Trumbull’s sketch for a surgical mask, stemming from her 3M bra design. [Image: © Center for Design Institute]

This mask also served as a prototype for the 3M design of N95 mask, which, by the way, has its current shape and design from that of a bra! So don’t laugh at those innovative people out there who really used a bra as a mask!

If you wish to know more about the history of N95 mask, HERE is a more detailed article that I based most of my information in this article on.


A modern surgical mask with Taoist amulet drawn

Of course, the traditional Chinese idea of diseases was very much misguided like the West in the past. So you would see Taoist priests drawing amulets and blessings on items as an attempt to ward off the evil in households.

It might be interesting for you to learn that many Taoist priests practised medicines in the past as well, and there were some well known personalities who were recognised as great physicians. And there is an irony that pure physicians and doctors in ancient Chinese societies were actually regarded very lowly in the social hierarchy. They belonged to the Slave caste, very much like the courtesans and entertainers. Perhaps this is also why medical knowledge in ancient Chinese societies has always been treated with more Taoist principles (such as their link to the I-Ching divinition book of Changes, and the 5 elements).


Fast forward about 100 years from 1911, or even 1918, we find ourselves again in the middle of a pandemic, and with China as the centre of all kinds of discussions and debates again. And you realise the ever importance of sound reasoning over and above prejudices and racism in fighting against the plague/pandemic.

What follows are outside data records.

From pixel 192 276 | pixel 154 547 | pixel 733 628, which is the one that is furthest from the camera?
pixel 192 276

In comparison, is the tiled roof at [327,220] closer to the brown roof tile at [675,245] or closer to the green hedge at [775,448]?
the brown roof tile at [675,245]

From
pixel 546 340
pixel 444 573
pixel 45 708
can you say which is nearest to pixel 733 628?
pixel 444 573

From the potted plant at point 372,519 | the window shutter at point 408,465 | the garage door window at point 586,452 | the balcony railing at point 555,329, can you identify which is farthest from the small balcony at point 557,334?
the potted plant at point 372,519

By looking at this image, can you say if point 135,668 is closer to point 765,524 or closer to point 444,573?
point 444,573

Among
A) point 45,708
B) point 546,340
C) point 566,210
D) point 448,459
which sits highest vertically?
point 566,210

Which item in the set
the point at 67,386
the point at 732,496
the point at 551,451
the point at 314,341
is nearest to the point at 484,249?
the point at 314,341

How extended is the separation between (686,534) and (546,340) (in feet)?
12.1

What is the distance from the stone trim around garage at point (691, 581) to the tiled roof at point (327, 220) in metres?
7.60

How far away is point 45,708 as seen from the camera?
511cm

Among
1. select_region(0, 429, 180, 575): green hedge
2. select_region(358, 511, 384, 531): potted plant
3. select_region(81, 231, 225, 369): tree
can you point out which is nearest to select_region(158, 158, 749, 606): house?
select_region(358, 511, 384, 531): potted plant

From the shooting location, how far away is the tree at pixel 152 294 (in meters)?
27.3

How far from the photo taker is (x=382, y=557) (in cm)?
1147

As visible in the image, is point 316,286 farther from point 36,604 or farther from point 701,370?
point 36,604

This is a virus that doesn’t care if you are Chinese, or non-Chinese, and it might come from the Chinese (as in the 1911 case) or elsewhere (as in the 1918 Spanish flu), the entire humanity is interconnected anyway.

Masks, even if it is not the N95, could help in limiting certain spread as its best. If it doesn’t, at least it could limit other infections and transmissions so less people are sick (maybe from other flu, or infections), and there is less strain on the healthcare system to treat those people thereby dedicating more resources to fighting covid-19 patients.

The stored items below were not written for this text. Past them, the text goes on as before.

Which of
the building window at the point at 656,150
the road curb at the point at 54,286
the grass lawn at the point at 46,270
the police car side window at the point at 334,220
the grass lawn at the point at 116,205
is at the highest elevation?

It is especially if we go by the first principles of “What’s the harm/trade-off if we wear masks?”. If the cost is low, and we are educated properly on other aspects of hygiene, this would be the icing on the cake. Of course, social distancing or STAY AT HOME would still be the best solution (kinda like the abstinence vs condom discussion). But if you can’t abstain, then at least try to wear a mask!

Isn’t History fascinating? And what I find even more fascinating, is that humanity never learns from it.